#### Given entries
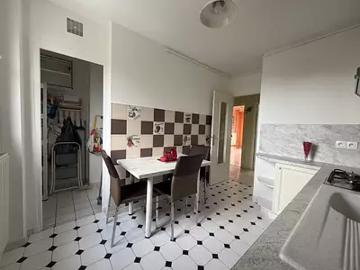 Seyssinet Pariset 38170 Achat / Vente appartement 4 pièces t4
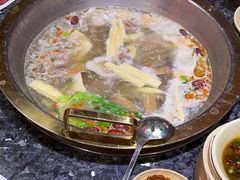 -蜀大侠火锅(森兰花园城店)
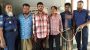 কাউখালীতে ৫ জুয়ারীসহ ১০জন গ্রেফতার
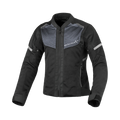 Macna Orcano 2.0 Donna Giacca Moto Estiva Donna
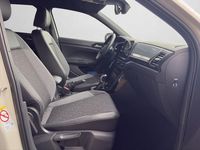 Gebraucht VW T-Cross Goal 150 PS (110 kW) 2025 Ascotgrau SUV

#### Work instructions
The answer should consist only of the lines from the line with "Macna Orcano 2.0" through the last line of the data, repeated exactly; pictures stay out.

#### Reply to the task
 Macna Orcano 2.0 Donna Giacca Moto Estiva Donna
 Gebraucht VW T-Cross Goal 150 PS (110 kW) 2025 Ascotgrau SUV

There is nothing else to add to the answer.